To the extent that there are appropriate analogues to s 289 - and they are all inexact - those concerned with good faith as a state of knowledge that protects a property disposition from attack or the property recipient from personal liability for the receipt are, in my view, the most opposite. I refer, for example, to the preference provisions of the Bankruptcy Act 1966 (Cth) on which the appellant here relies, and more distantly, to the “knowing receipt” limb of the rule in Barnes v Addy (1874) LR 9 Ch App 244.
It manifestly is the case that the Tribunal in this matter did not address the requirements of the section because it misconceived the meaning of s 289 (2)(b). Necessarily the appeal will be allowed. Little purpose would be served in remitting the matter to the Tribunal given the findings that have been made and the nature of the question ultimately to be decided.

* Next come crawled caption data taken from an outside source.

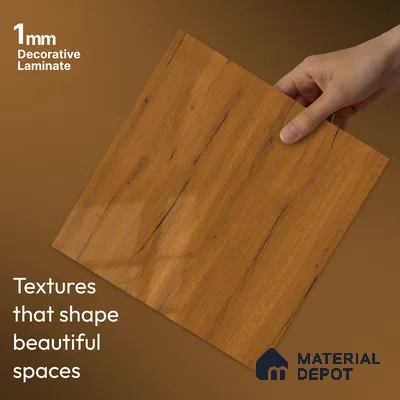 Wooden Look LM 23563 (HG 7252) Shadowed Walnut 8 ft x 4 ft High Gloss Finish Decorative Laminate - 1 mm | Suitable for TV Unit, Wardrobe, Kitchen Cabinets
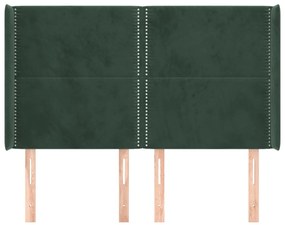 Tablie pat cu aripioare verde inchis 147x16x118 128 cm catifea 1, Verde inchis, 147 x 16 x 118 128 cm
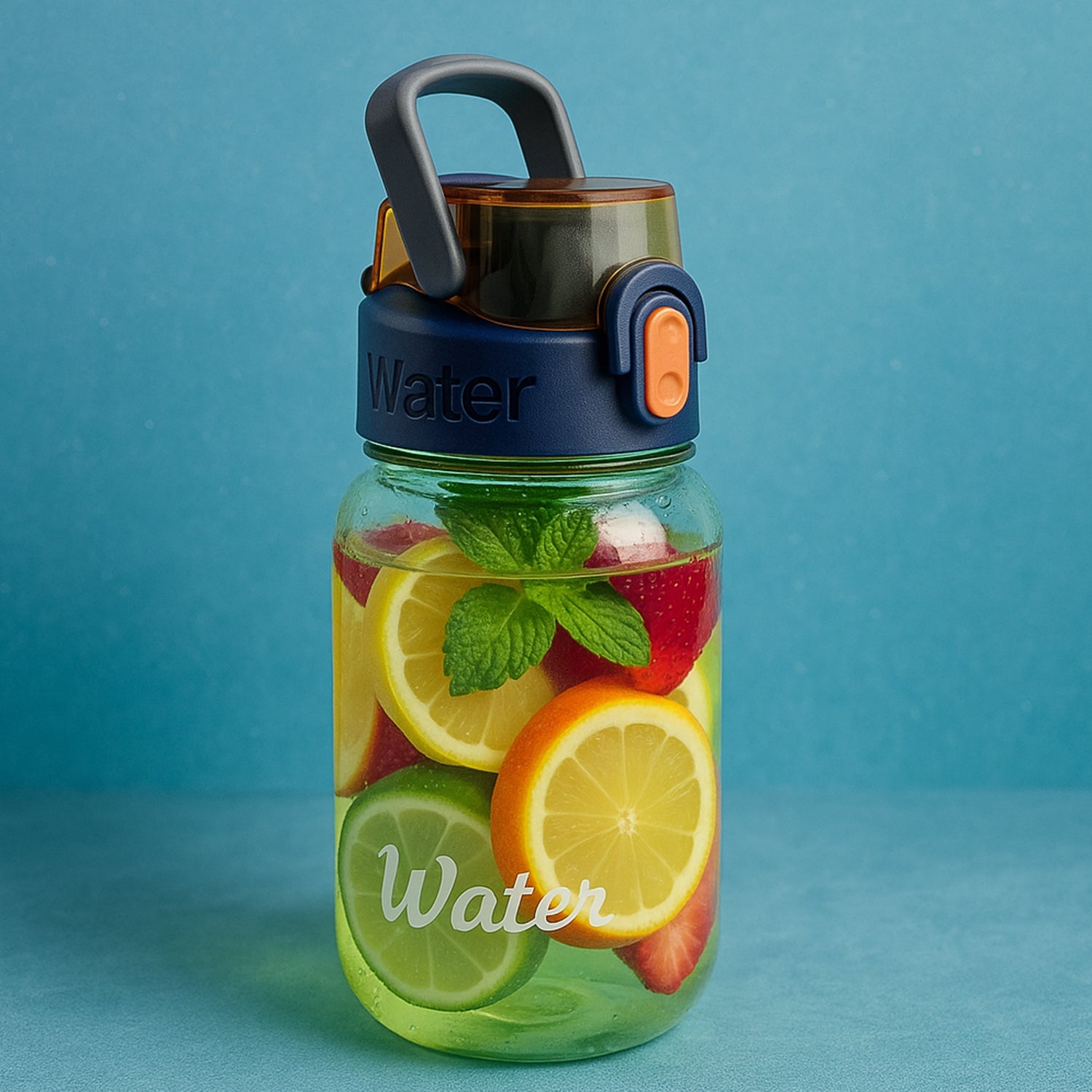 Green Leak-Proof Portable Fruit Infuser Water Bottle Approx 600ML (1 Pc) Green Leak-Proof Portable Fruit Infuser Water Bottle Approx 600ML (1 Pc)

In these circumstances it is appropriate that I express a view on one matter that might otherwise be thought to be a possible cause of complication in making a decision under s 289. It is this. It is clear in the present case that at all relevant times after 22 December 1993 Mr Prince actually knew that he had no entitlement to receive Austudy payments. Is the consequence of this that he could never claim that any of the payments he received from DEETYA as Austudy payments in 1994 were received in good faith even though at the time of receipt of the first three he was unaware that he had received the payment? In other words, can a receipt be otherwise than in good faith when the recipient is unaware that the payment has been received? The short answer to that in my view is “yes”. Knowing that, in the relevant period, he had no entitlement to receive an Austudy payment, he was never in a position to be able to assert that any mistaken payment made to him was one to which he had an entitlement. Thus while he may have received a payment of which he was ignorant, he could not, in the sense that I have explained, have received it in good faith.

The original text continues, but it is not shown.